We are gathered here tonight to remember the central reason for our celebration at Christmas – the birth of Jesus Christ. We have been hearing the story of the events of that first Christmas from the Gospel readings this evening, in just a little while we will pass the light from this candle here to your candles, filling this room all the way to the back. And of course we are singing all the great Christmas carols, the songs we love to sing at this time of year. And let me comment on this last one. For it is altogether fitting that at this time, as we celebrate the birth of Christ, we do so with singing.

One of the things that is most central to our celebration of Christmas is music – the music of Christmas. In fact, music is one of the most distinctive things about the celebration of Christmas period – no other holiday I could think of, whether of a religious origin or not, is so associated with music. (You know, all those Thanksgiving carols that you just can’t get out of your head?) Round about late August the malls start playing Christmas songs, a little after Halloween a couple of radio stations switch their format to all Christmas all the time, and many of us start playing our favorite Christmas albums after the turkey is put away on Thanksgiving afternoon. Christmas carols are a part of the celebration from childhood on – many of us have childhood memories of singing in Church services like this one here – perhaps memories of singing in this very church some years ago.
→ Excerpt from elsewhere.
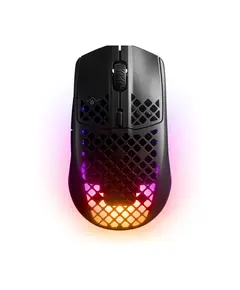 Maus gaming steelseries aerox 3 wireless onyx, Bla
Really, people have been singing carols at Christmas for hundreds and hundreds of years now in the Church. The first carol on record dates to the fourth century, sung in Rome and written by Ambrose of Milan. However, if you want to go all the way back,  singing is intimately connected to the very first Christmas of all, the original Christmas events.
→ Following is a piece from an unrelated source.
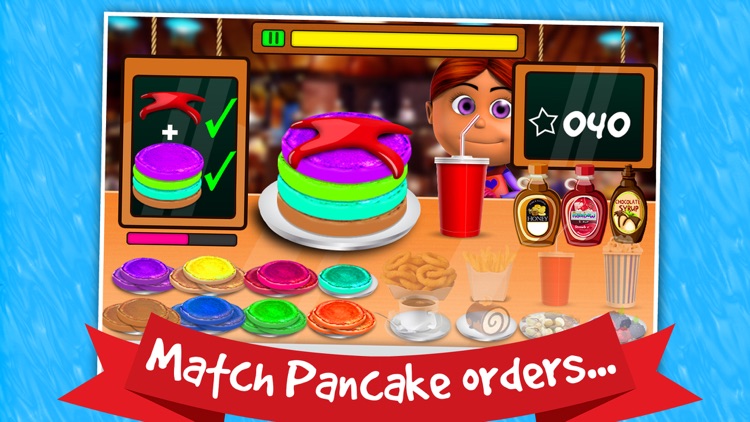 Rainbow Pancake Restaurant - Match & Stack it screenshot-3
The first two chapters of Luke – which are so familiar and from which we have heard several selections here tonight – are filled  with wonder and awe. They are also bursting with so much joy that the characters in the story are continually breaking into song. This is history, written to be taken as such, with dates and places and politicians and tough circumstances, all this. This is history, not a fantasy-land. And yet, history of a ground-breaking, monumental sort; events so great, so wonderful, so fundamentally good, that everyone involved needs more than just the facts to describe what is happening. They need a kind of music, they need poetry, they need to sing.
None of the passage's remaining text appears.